Initially the delays of all the partial product bits entering the Wallace tree are assumed to be equal and the netlist is generated. The implementation is then simulated to obtain the delays of all the partial product bits. These delays are then fed to XGEN to generate the final netlist of the multiplier implementation. This netlist for the Wallace-tree is thus optimized.

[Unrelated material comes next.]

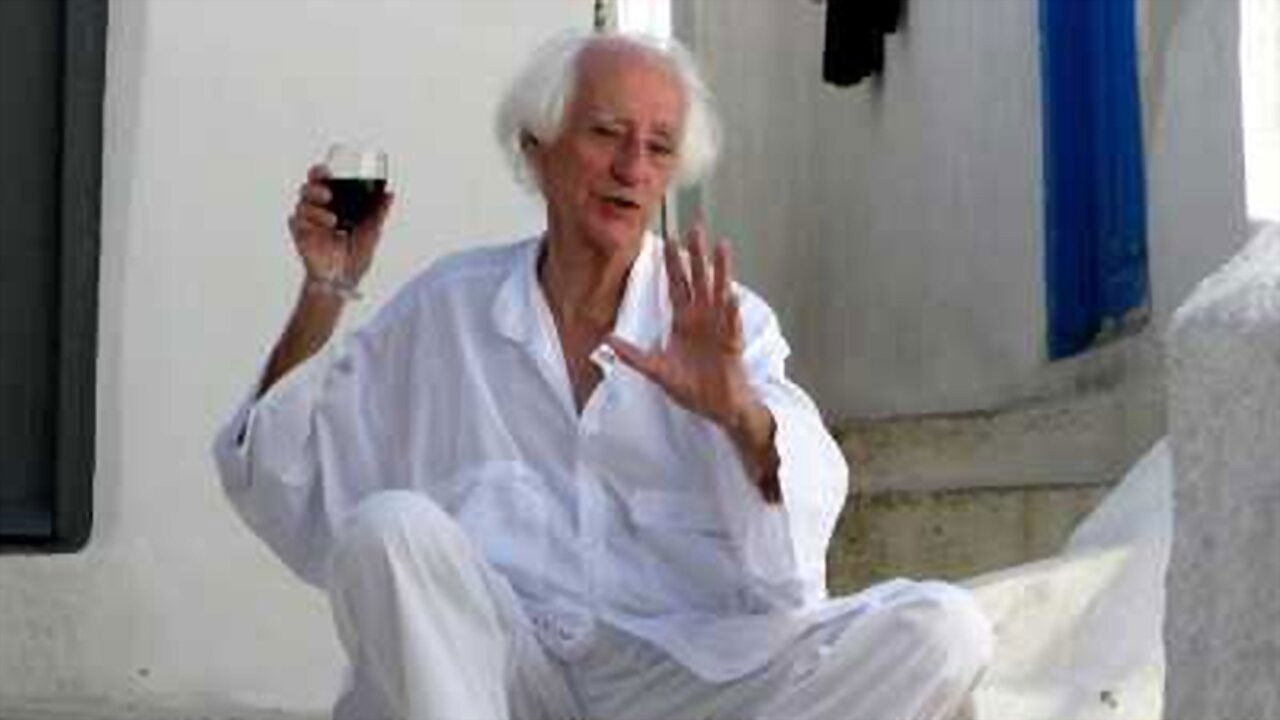 Evoé: Portrait of an Anthropophage backdrop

The delay of an N-bit adder which uses dedicated carry logic, is given by [3] to be (8.5 + 0.75N)ns. This formula is valid for devices with speed grade -5. Since the addition of the partial products take place in parallel the delay of the Wallace tree is proportional to  $\lceil \log_2 N \rceil$ . Hence, the delay of the Wallace tree portion of the multiplier is approximately  $(\lceil \log_2 N \rceil (8.5 + 0.75(M+N)))ns$ . Added to this figure is the delay of generating the Partial Products, Booth encoding and interconnect delays. The 5-input function generator is used for generating one bit of Partial Product. The delay of 5-input function generator is 5ns[3]. Assuming 5ns interconnect delay, the delay of the N-bit by M-bit multiplier generated by XGEN is approximately given by

 $t_{md} \simeq (10 + \lceil \log_2 N \rceil (8.5 + 0.75(M + N))) ns.$ 

Table 4.1

| Multiplier | Util | Delay(ns) |          |
|------------|------|-----------|----------|
| 8-bit      | (%)  | Calc      | Measured |
| XGEN+XBLOX | 20   | 71.5      | 80.3     |
| XGEN       | 23   |           | 120.7    |
| Lou94      | 17   | ĺ         | 102      |

An 8-bit by 8-bit multiplier was generated using XGEN and its delay was measured for XC4010PG191-5 implementation by using the Xdelay program which is a part of the Xilinx development tools. The multiplier speeds are shown in table 4.1. The multiplier generated by XGEN is 20% faster than the multiplier

implementation reported in literature[10]. It is observed that upto 16 bits, the new multipliers outperform the multiplier implementation reported in [10], which uses a multiplier architecture called Linear Sequential Arrays(LSA). This is achieved at the cost of increased number of CLBs as indicated by the utilization factor.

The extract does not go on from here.